**Exercise objective:** Give an exact transcription limited to the lines from the one with "Timberland Men's Green" through the end of the entries, including both; no pictures belong in it.

**Caption-style text data:**
-- Opening Marker --

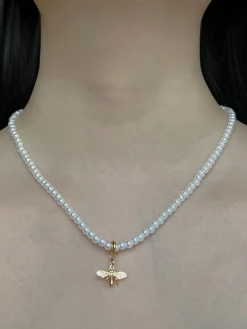Tiny Pearl Necklace with Bee Charm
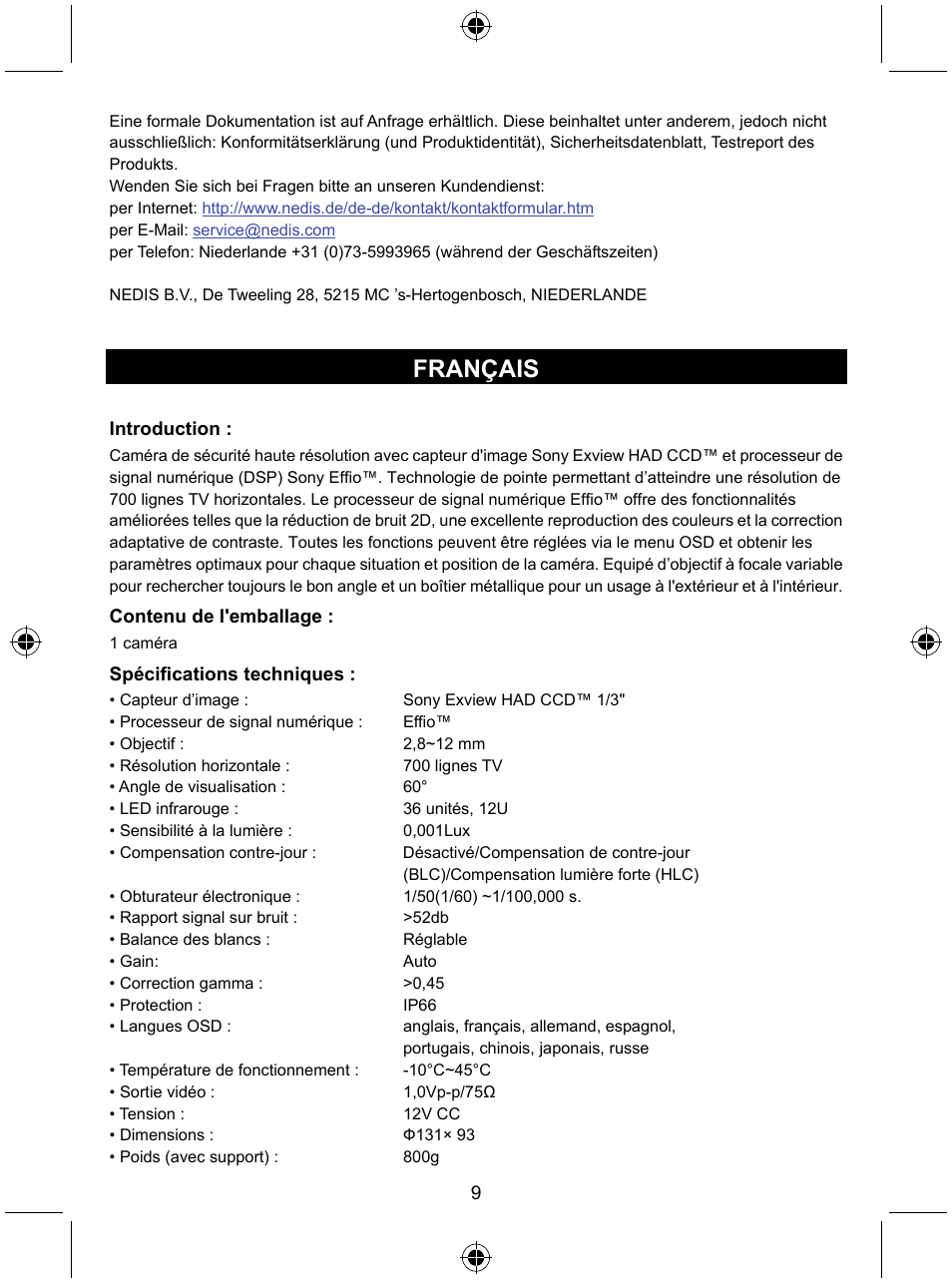 Français | Konig Electronic Security camera with Sony Effio digital signal processor and varifocal lens User Manual | Page 9 / 64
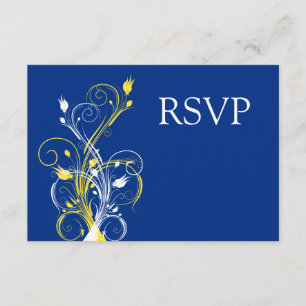 Kunglig Blå, Gul, Vit Blommig Bröllops RSVP Inbjudningar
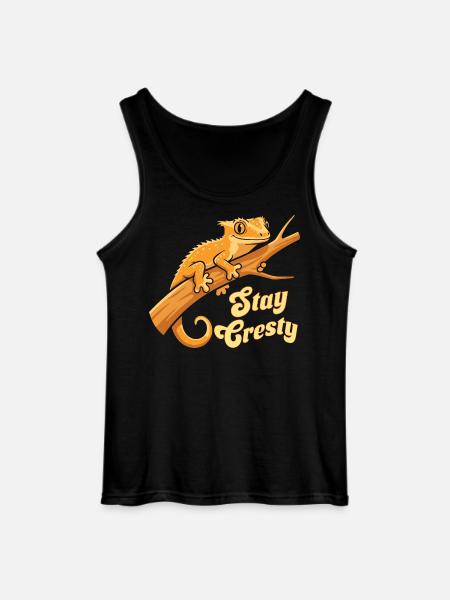 Crested Gecko Reptile Humor Lizard - Gildan Men’s Tank Top - black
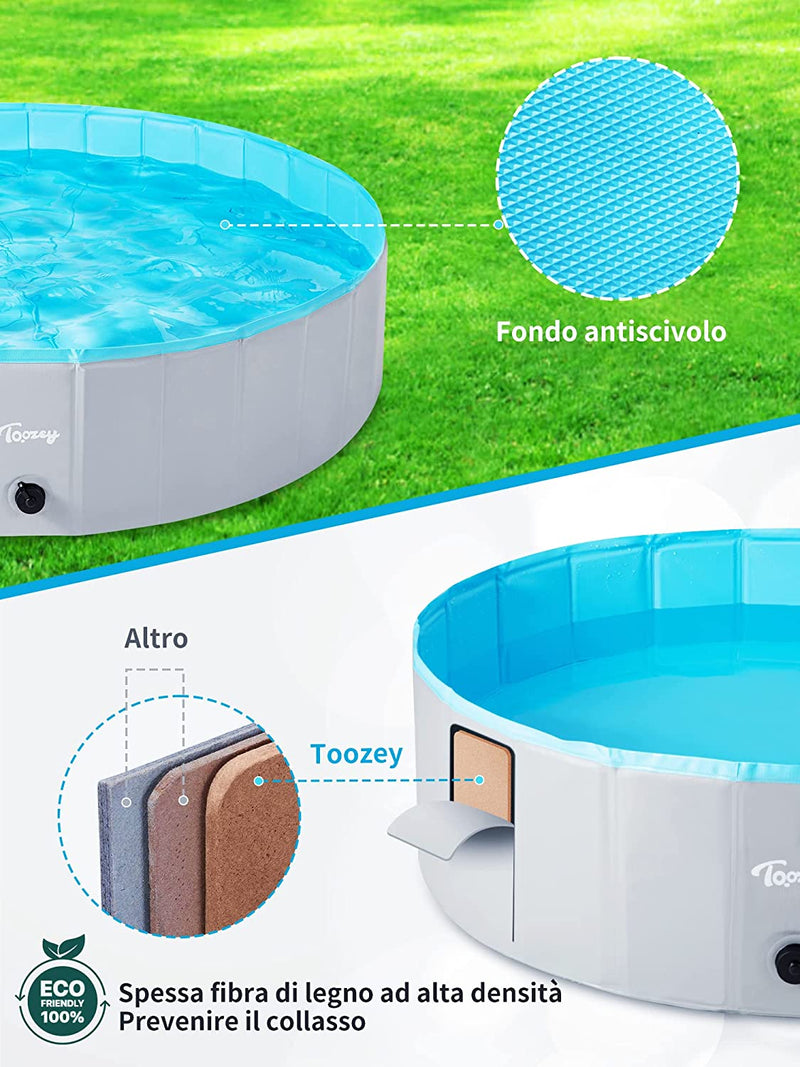 Piscina per Cani, 80Cm / 120Cm/ 160Cm Piscina Pieghevole per Cani Grandi E Piccoli, Piscina Rigida per Bambini, 100% Sicuro & Non Tossico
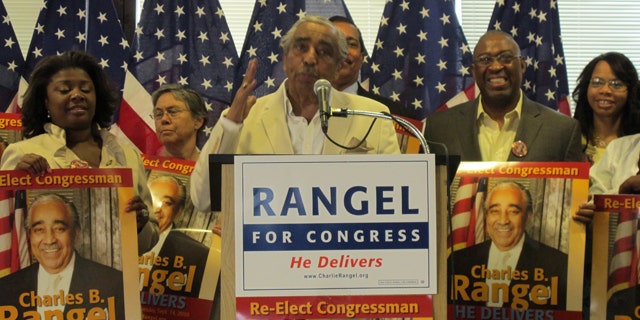 Rep. Charlie Rangel, surrounded by supporters, holds a press conference addressing the pending ethics allegations against him. (FNC)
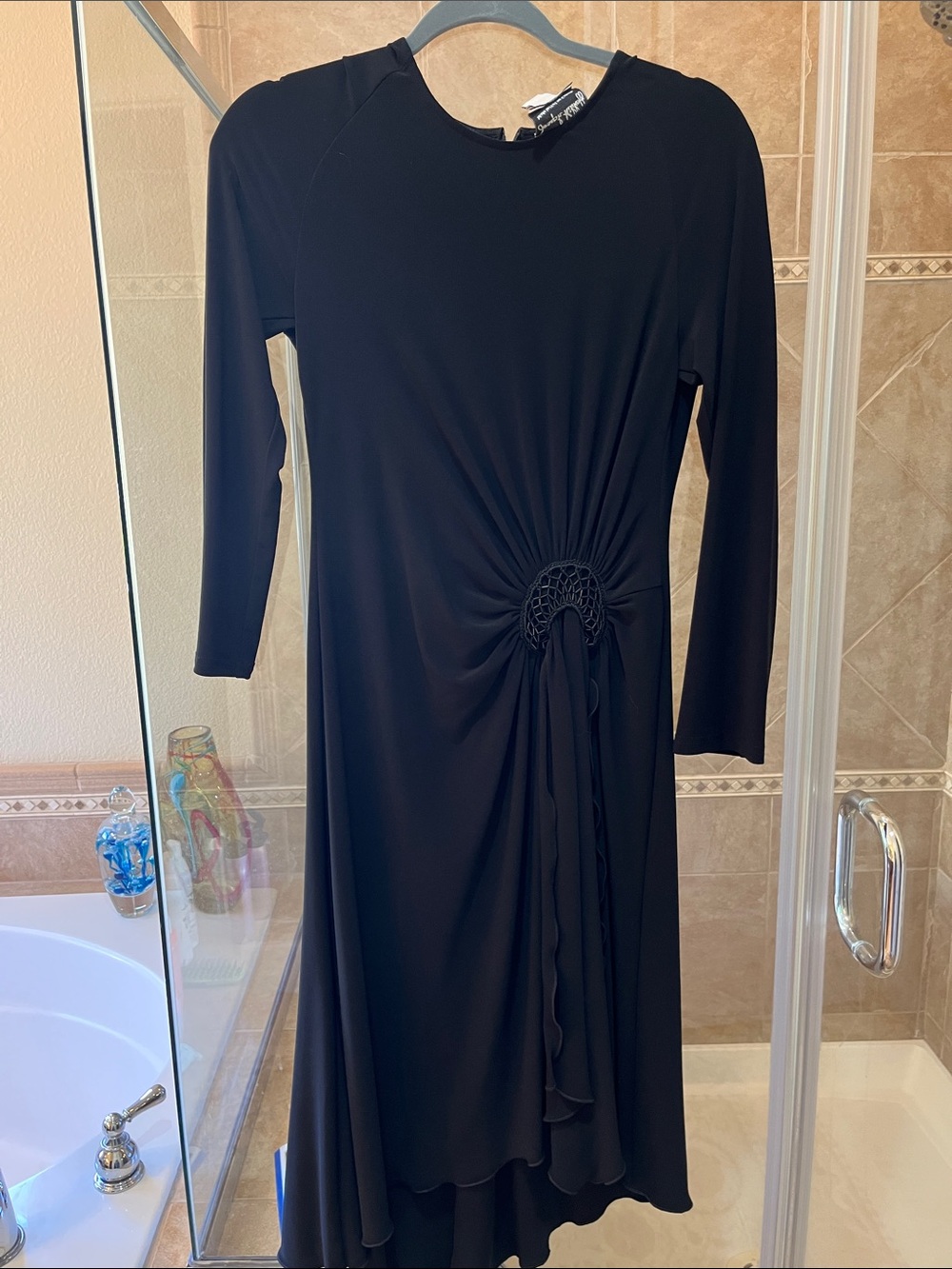 Joseph Ribkoff Black Long-Sleeve Dress with Knotted Side Detail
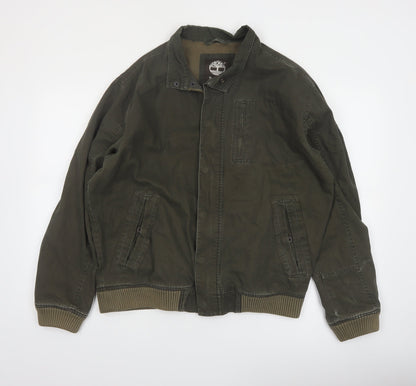 Timberland Men's Green Cotton Bomber Jacket Size M Casual Outdoor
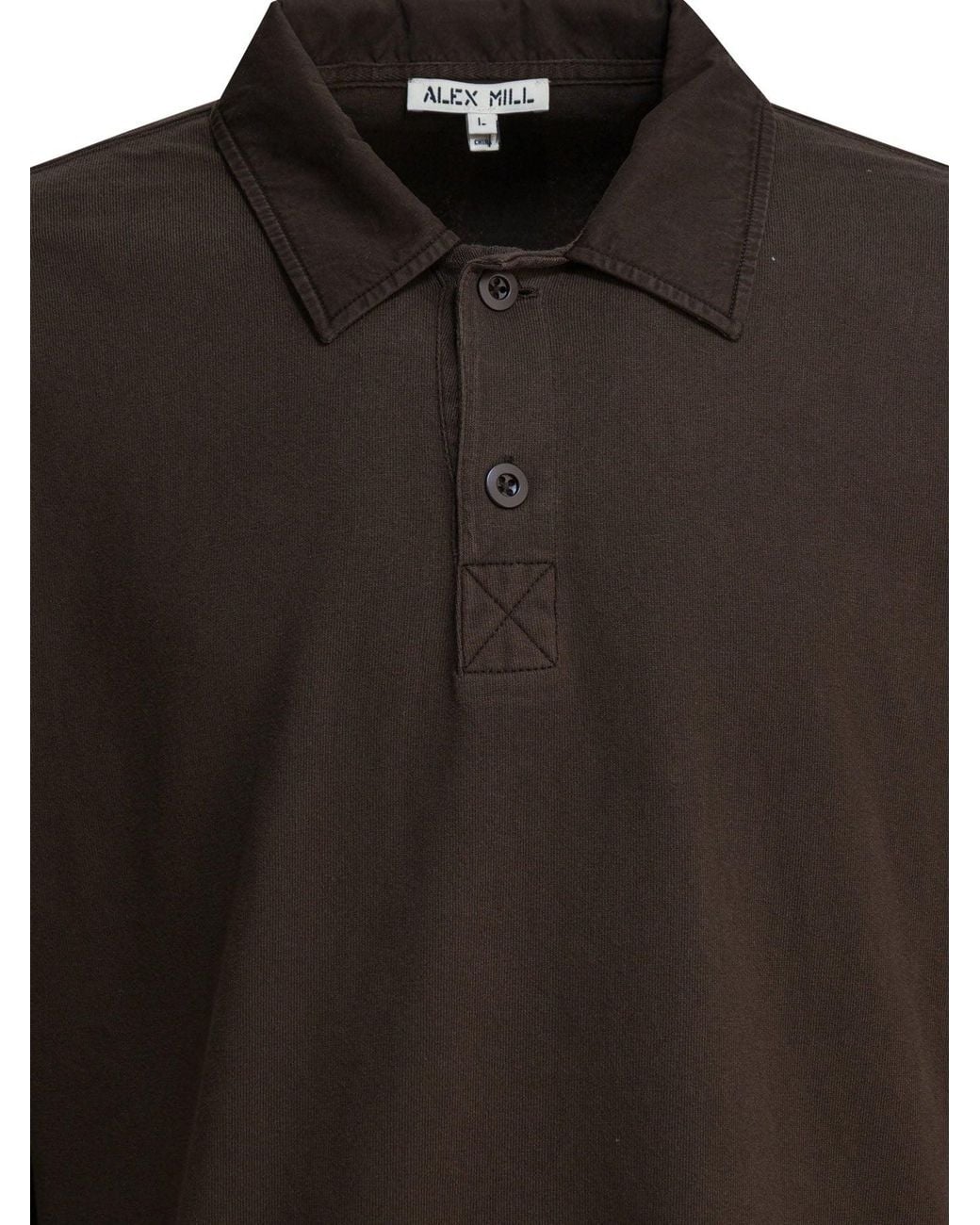Alex Mill Black Cotton "Rugby" Polo Shirt for men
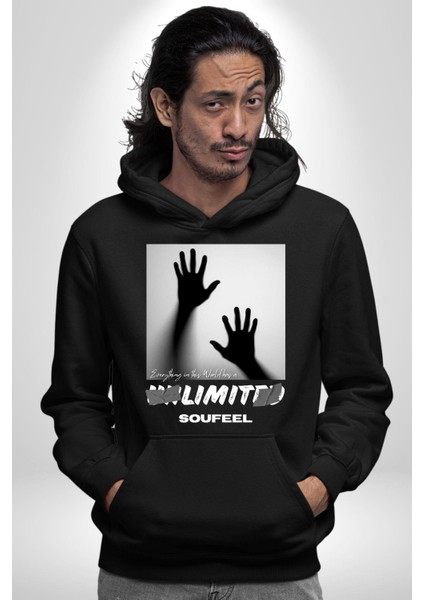 Bu Dünyada Her Şeyin Sınırsız Bir Sayısızlığı Vardır Kadın Erkek Baskılı Üç Iplik Siyah Kapüşonlu Hodie Sweatshirt modelleri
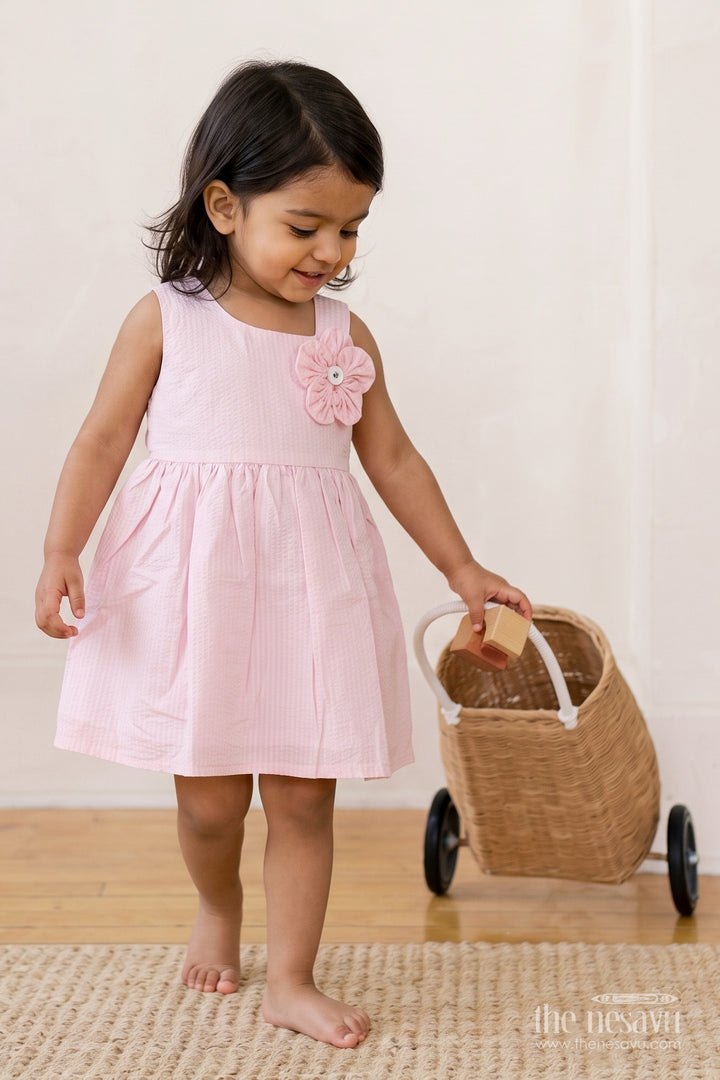 Baby Girl Frock with Floral Detailing in Peach for Special Occasions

-- Closing Marker --

**Output for this exercise:**
 Timberland Men's Green Cotton Bomber Jacket Size M Casual Outdoor
Alex Mill Black Cotton "Rugby" Polo Shirt for men
 Bu Dünyada Her Şeyin Sınırsız Bir Sayısızlığı Vardır Kadın Erkek Baskılı Üç Iplik Siyah Kapüşonlu Hodie Sweatshirt modelleri
 Baby Girl Frock with Floral Detailing in Peach for Special Occasions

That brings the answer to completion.